En realidad, Oppenheimer, la película del británico Christopher Nolan (director de magníficos films como Memento o Dunkerque y de varias adaptaciones de Batman, con las que alimentar a la industria del entretenimiento), es un manifiesto político más que una explicación entendible por la gente corriente de lo que supuso la fisión nuclear para el avance de la física.

A Nolan le interesan los pormenores ideológicos que se desatan en torno al Proyecto Manhattan y la pequeña historia del poblado que el físico teórico protagonista, de tendencia más que liberal, levanta en la meseta de Los Álamos, un lugar astronómicamente sagrado para los indios Pueblo de Nuevo México. Todo ello al servicio de una deriva que deja ver en la película las tensiones políticas que sufre la administración de los Estados Unidos en el periodo que abarca desde la presidencia de Harry Truman a la irrupción de los Kennedy.

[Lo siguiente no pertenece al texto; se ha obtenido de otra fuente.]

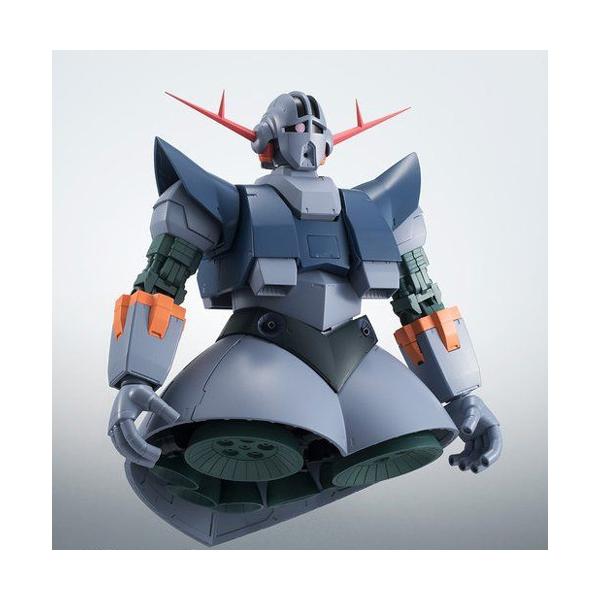 Robot魂 Side Ms Msn 02 ジオング Ver A N I M E 機動戦士ガンダム 新品ss Buyee Buyee Japanese Proxy Service Buy From Japan Bot Online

A pesar de la duración del largometraje, se obvian las consecuencias dramáticas y morales ya conocidas de la bomba sobre la población civil japonesa, pero también el importante debate que la aceleración de las investigaciones físicas propiciaba en aquellos años. El encuentro fílmico de Robert Oppenheimer con Albert Einstein en el campus de Princeton, a quien sustituyó como director de estudios avanzados, parece una anécdota. Y aún más lisonjera se percibe la aparición del danés Niels Bohr (interpretado por el shakesperiano Kenneth Branagh) a cuenta de la brillante pregunta de un joven Oppenheimer en una de sus conferencias. Son inexistentes también los estudios europeos del físico neoyorquino de ascendencia judeoalemana, precisamente, con el matemático germano Max Born, o con el bioquímico Linus Pauling, premio Nobel de la paz por su activismo contra el rearme nuclear. Ni siquiera sabemos por la película si Oppenheimer conoció a Werner Heisenberg, el padre del principio de incertidumbre y cabeza visible del equipo científico alemán que trabajaba en pos de una bomba atómica a principios de los 40.

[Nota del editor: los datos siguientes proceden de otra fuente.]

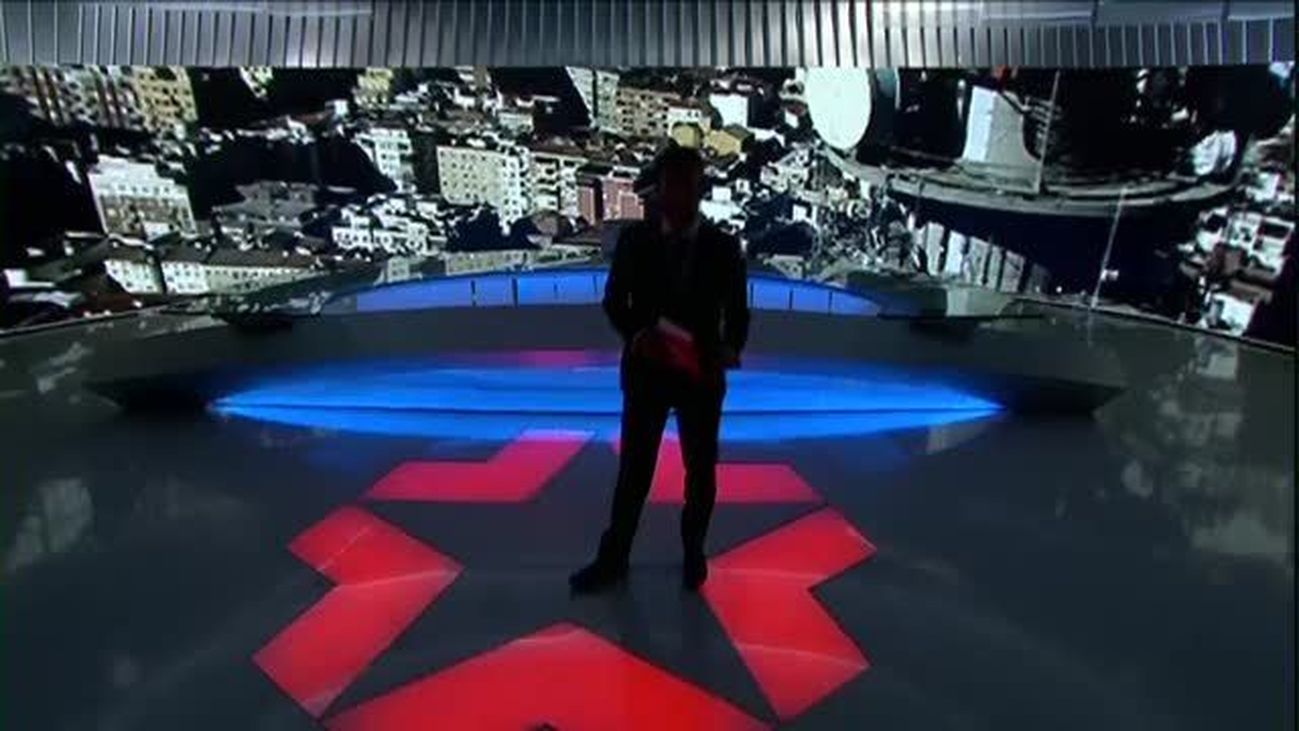 Telenoticias 1 06.08.2018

Para contestar a todas estas cuestiones, decisivas en la historia de la física moderna, y a muchas más, incluyendo las gigantescas consecuencias filosóficas que el mundo cuántico proporciona, nos llega ahora un libro clarificador, ilustrativo, de la mano del físico y orientalista Juan Arnau: Materia que respira luz, Galaxia Gutenberg. Conocido por su prolífica producción ensayística que incluye numerosos artículos divulgativos en la prensa de vocación cultural, Arnau desanuda en esta obra la potente polémica que la mecánica cuántica suscitó desde que tanto Bohr como Heisenberg cuestionaran la física formulada por Einstein.

Fue este último quien ha pasado a la posteridad por su teoría de la relatividad el que zanjó, para siempre, el universo medible espacio-temporal de Isaac Newton. Lo que nos explica Arnau es que, en última instancia, la aportación einsteniana modificó unas reglas de medir por otras, convirtiendo el comportamiento de la luz en la matriz explicativa y objetivable del mundo físico. Los griegos ya conocían la estructura de la materia en átomos, pero creyeron que estos eran el principio indivisible de la misma. El descubrimiento del mundo subatómico cambiará todas las reglas.

A partir de los años 20 del siglo pasado, hace apenas una centuria, se van a suceder los grandes acontecimientos: Louis de Broglie propone que las partículas cuentan con propiedades ondulatorias, el austriaco Erwin Schrödinger (el del famoso experimento con el gato) sugerirá que el cosmos es vibración –algo intuido por Pitágoras– y que puede solventar con matemáticas el problema de las ondas, mientras que el citado Heisenberg dejará claro que la realidad positiva es inasible como tal, dado que siempre cuenta con algún factor de incertidumbre y, en consecuencia, las cosas suceden por probabilidad y no con exactitud… Toda una revolución a la que se opone Einstein y que sentenciará con su lapidaria frase: “Dios no juega a los dados”.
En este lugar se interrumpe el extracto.